**What this task involves:** Restate the material below word for word, from its first line to its last.

**Dataset records:**
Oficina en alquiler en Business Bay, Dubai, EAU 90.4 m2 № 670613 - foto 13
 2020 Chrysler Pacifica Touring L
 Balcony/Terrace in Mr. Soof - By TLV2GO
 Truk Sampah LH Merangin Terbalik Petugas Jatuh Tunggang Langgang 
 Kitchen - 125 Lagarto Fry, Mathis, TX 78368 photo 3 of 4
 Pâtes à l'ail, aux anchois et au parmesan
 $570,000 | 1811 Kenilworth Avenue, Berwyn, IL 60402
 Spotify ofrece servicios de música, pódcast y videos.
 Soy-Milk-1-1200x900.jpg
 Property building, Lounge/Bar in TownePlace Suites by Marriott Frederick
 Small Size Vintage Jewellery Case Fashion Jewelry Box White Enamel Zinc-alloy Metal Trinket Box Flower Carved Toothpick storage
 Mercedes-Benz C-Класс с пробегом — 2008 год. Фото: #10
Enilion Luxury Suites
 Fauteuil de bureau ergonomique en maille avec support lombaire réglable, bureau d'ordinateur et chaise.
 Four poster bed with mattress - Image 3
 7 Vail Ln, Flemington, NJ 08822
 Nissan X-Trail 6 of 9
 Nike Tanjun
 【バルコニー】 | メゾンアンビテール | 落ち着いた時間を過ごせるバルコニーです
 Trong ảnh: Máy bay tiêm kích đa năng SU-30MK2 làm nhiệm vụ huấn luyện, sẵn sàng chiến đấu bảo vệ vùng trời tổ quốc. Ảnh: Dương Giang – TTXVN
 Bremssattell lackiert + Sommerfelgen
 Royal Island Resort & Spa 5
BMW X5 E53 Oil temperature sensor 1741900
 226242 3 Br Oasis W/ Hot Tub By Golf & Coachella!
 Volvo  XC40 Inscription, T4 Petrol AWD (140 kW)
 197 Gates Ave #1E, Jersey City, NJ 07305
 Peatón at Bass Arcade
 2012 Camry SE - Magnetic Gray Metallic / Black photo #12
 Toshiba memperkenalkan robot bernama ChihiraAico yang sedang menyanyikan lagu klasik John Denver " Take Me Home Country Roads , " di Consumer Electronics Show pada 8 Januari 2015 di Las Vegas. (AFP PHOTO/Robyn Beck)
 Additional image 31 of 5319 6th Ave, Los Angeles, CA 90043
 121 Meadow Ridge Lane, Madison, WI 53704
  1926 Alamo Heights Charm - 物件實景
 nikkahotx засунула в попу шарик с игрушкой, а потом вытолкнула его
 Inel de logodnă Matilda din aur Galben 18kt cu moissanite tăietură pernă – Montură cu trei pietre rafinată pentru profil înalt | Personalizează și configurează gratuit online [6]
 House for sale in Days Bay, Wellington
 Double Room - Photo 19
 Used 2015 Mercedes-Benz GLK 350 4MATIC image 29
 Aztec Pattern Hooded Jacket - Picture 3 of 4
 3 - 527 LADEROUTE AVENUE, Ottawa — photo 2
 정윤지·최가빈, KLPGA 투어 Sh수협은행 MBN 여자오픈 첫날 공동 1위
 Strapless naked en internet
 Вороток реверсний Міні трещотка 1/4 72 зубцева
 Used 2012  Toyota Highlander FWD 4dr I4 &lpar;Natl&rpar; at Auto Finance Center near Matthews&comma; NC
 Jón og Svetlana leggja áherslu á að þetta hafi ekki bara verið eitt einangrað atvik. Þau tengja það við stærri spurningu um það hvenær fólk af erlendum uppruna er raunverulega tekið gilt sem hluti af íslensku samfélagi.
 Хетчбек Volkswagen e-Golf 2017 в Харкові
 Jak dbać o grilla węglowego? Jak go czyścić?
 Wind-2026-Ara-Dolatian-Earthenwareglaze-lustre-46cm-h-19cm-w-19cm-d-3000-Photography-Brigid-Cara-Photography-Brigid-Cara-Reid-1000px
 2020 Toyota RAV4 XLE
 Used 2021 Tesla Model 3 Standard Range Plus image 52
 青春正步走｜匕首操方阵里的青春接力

**Answer to the exercise:**
Oficina en alquiler en Business Bay, Dubai, EAU 90.4 m2 № 670613 - foto 13
 2020 Chrysler Pacifica Touring L
 Balcony/Terrace in Mr. Soof - By TLV2GO
 Truk Sampah LH Merangin Terbalik Petugas Jatuh Tunggang Langgang 
 Kitchen - 125 Lagarto Fry, Mathis, TX 78368 photo 3 of 4
 Pâtes à l'ail, aux anchois et au parmesan
 $570,000 | 1811 Kenilworth Avenue, Berwyn, IL 60402
 Spotify ofrece servicios de música, pódcast y videos.
 Soy-Milk-1-1200x900.jpg
 Property building, Lounge/Bar in TownePlace Suites by Marriott Frederick
 Small Size Vintage Jewellery Case Fashion Jewelry Box White Enamel Zinc-alloy Metal Trinket Box Flower Carved Toothpick storage
 Mercedes-Benz C-Класс с пробегом — 2008 год. Фото: #10
Enilion Luxury Suites
 Fauteuil de bureau ergonomique en maille avec support lombaire réglable, bureau d'ordinateur et chaise.
 Four poster bed with mattress - Image 3
 7 Vail Ln, Flemington, NJ 08822
 Nissan X-Trail 6 of 9
 Nike Tanjun
 【バルコニー】 | メゾンアンビテール | 落ち着いた時間を過ごせるバルコニーです
 Trong ảnh: Máy bay tiêm kích đa năng SU-30MK2 làm nhiệm vụ huấn luyện, sẵn sàng chiến đấu bảo vệ vùng trời tổ quốc. Ảnh: Dương Giang – TTXVN
 Bremssattell lackiert + Sommerfelgen
 Royal Island Resort & Spa 5
BMW X5 E53 Oil temperature sensor 1741900
 226242 3 Br Oasis W/ Hot Tub By Golf & Coachella!
 Volvo  XC40 Inscription, T4 Petrol AWD (140 kW)
 197 Gates Ave #1E, Jersey City, NJ 07305
 Peatón at Bass Arcade
 2012 Camry SE - Magnetic Gray Metallic / Black photo #12
 Toshiba memperkenalkan robot bernama ChihiraAico yang sedang menyanyikan lagu klasik John Denver " Take Me Home Country Roads , " di Consumer Electronics Show pada 8 Januari 2015 di Las Vegas. (AFP PHOTO/Robyn Beck)
 Additional image 31 of 5319 6th Ave, Los Angeles, CA 90043
 121 Meadow Ridge Lane, Madison, WI 53704
  1926 Alamo Heights Charm - 物件實景
 nikkahotx засунула в попу шарик с игрушкой, а потом вытолкнула его
 Inel de logodnă Matilda din aur Galben 18kt cu moissanite tăietură pernă – Montură cu trei pietre rafinată pentru profil înalt | Personalizează și configurează gratuit online [6]
 House for sale in Days Bay, Wellington
 Double Room - Photo 19
 Used 2015 Mercedes-Benz GLK 350 4MATIC image 29
 Aztec Pattern Hooded Jacket - Picture 3 of 4
 3 - 527 LADEROUTE AVENUE, Ottawa — photo 2
 정윤지·최가빈, KLPGA 투어 Sh수협은행 MBN 여자오픈 첫날 공동 1위
 Strapless naked en internet
 Вороток реверсний Міні трещотка 1/4 72 зубцева
 Used 2012  Toyota Highlander FWD 4dr I4 &lpar;Natl&rpar; at Auto Finance Center near Matthews&comma; NC
 Jón og Svetlana leggja áherslu á að þetta hafi ekki bara verið eitt einangrað atvik. Þau tengja það við stærri spurningu um það hvenær fólk af erlendum uppruna er raunverulega tekið gilt sem hluti af íslensku samfélagi.
 Хетчбек Volkswagen e-Golf 2017 в Харкові
 Jak dbać o grilla węglowego? Jak go czyścić?
 Wind-2026-Ara-Dolatian-Earthenwareglaze-lustre-46cm-h-19cm-w-19cm-d-3000-Photography-Brigid-Cara-Photography-Brigid-Cara-Reid-1000px
 2020 Toyota RAV4 XLE
 Used 2021 Tesla Model 3 Standard Range Plus image 52
 青春正步走｜匕首操方阵里的青春接力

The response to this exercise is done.